Education is expensive. Why not just make it unnecessary?


> > One finds people confused about many things, but honestly I have 
> > rarely found any concept that causes non-geeks more confusion than the 
> > concept of indirection. Namespace prefixes are nothing more than 
> > indirection, that's their entire reason for being.
> 
> Class names use indirection as well.

How so?


> > When designing a language, avoidance of features known to be 
> > disproportionately confusing to users of that language is important. 
> 
> It depends on what the price of avoiding these features is.

The price of explicit names is verbosity. It's a small price to pay, in my 
opinion. (Bandwidth is mostly unaffected as common strings compress well.)


> > > Not at all. I'd like those to be URIs. I know you don't like them 
> > > for this purpose, but they have the advantage to be simple 
> > > detectable.
> > 
> > The above doesn't preclude your use of URIs if you so desire.
> 
> Disambiguation only works *reliably* if the format is well-defined.

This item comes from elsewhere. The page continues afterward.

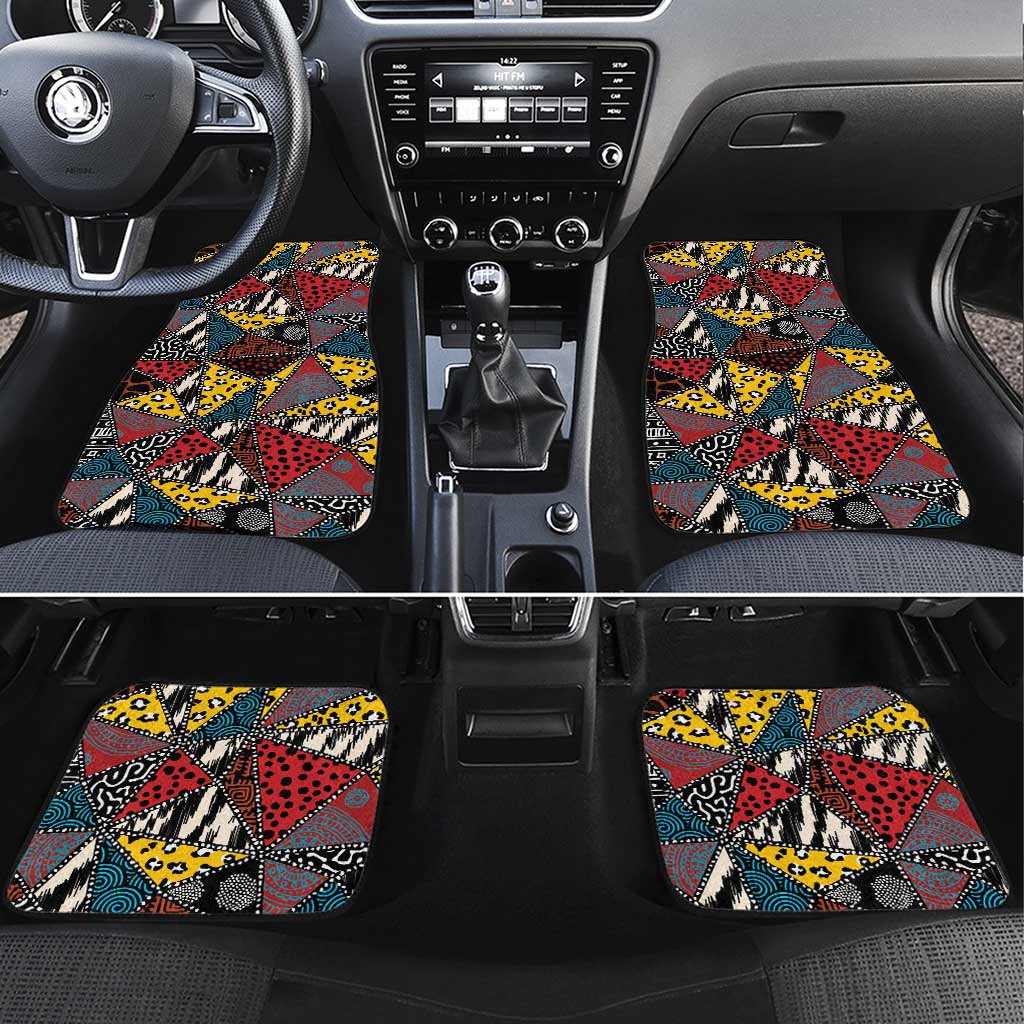 African Wild Animal Skins Car Mats Triangles Pattern Afro Pattern Style - African Pride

Why? Are you concerned that people using different dismabiguation schemes 
would somehow come up with clashing names? How would that happen? Could 
you give an example?


> > There is currently no mechanism for including non-visible proprietary 
> > metadata intended for use by user agents in HTML documents without 
> > discussing the extension with user agent vendors and the wider Web 
> > community, but I posit that this is a good thing. We don't want user 
> > agents inventing their own attributes without working with interested 
> > parties to make sure their feature is well designed.
> 
> Again: who is "we" in this case? Certainly not the HTML WG.

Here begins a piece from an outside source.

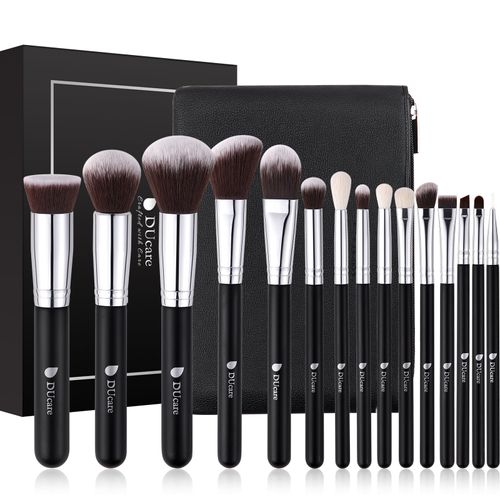 Classic Black Essential Gesichts- und Augenpinsel-Set (15-teilig)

So you're in favour of the behaviour seen in the browser wars where people 
just made up their own tags all the time?

I am not.


> > No it doesn't, they are still valid HTML4 documents.
> 
> But I can't mix these extensions (which I *do* use, this is not 
> theoretical) with HTML5 features. So basically you're saying: go away?

If you are using the scheme="" attribute for Dublin Core metadata, could 
you point me to the part of the spec that defines what the semantics of 
scheme="" values is? How would an independent Dublin Core processor know 
how to interpret the scheme="" values?


> > In any case, are there any such documents? I cannot recall ever 
> > finding any. I did some in-depth research on this when deciding what 
> > to do about scheme="" several years ago.
> 
> Yes, there are. For instance, the web repository manager in SAP's 
> Knowledge Management system parses them and exposes the property using 
> the KM's Java API to other applications, and I know of SAP customers 
> using it. These documents may not be world-readable, but that's no 
> reason to break them.

Is such content ever made available to a non-SAP user agent that is 
expected to process that data? Could you elaborate with concrete examples? 
I would love to learn more about this. It is the first I have heard of a 
real use of scheme="" and any information, examples, etc, you could give 
would be very useful. (If you don't want to do this publicly, feel free to 
send me exampls privately. If you would like me to sign an NDA, that can 
be arranged.)


> > > > > Another one is GRDDL, and HTML5 breaks it by removing the profile
> > > > > attribute on head.
> > > > GRDDL's use of the profile attribute is an abuse of the profile
> > > > attribute (it requires custom profiles, not the official profiles for
> > > > the [...]
> > > I do agree that GRDDL could and should have been written without the
> > > profile dependency.
> > > 
> > > However I'm not sure what you mean by "custom profile" -- I think GRDDL
> > > requires exactly one profile, which is used to opt-in to use the GRDDL
> > > transformation rel value.
> > 
> > GRDDL requires that the profile="" attribute point to a document that
> > announces an XSLT transformation program, as opposed to requiring it to be
> > the actual URL of the metadata profile used on the page.
> 
> As far as I can tell, that is incorrect. The only profile GRDDL (the base
> spec, <http://www.w3.org/TR/grddl/>) requires is:
> 
>   profile="http://www.w3.org/2003/g/data-view"
> 
> See example in <http://www.w3.org/TR/grddl/#grddl-xhtml>. The URI of the
> transformation program sits in a link/@rel=transformation href attribute.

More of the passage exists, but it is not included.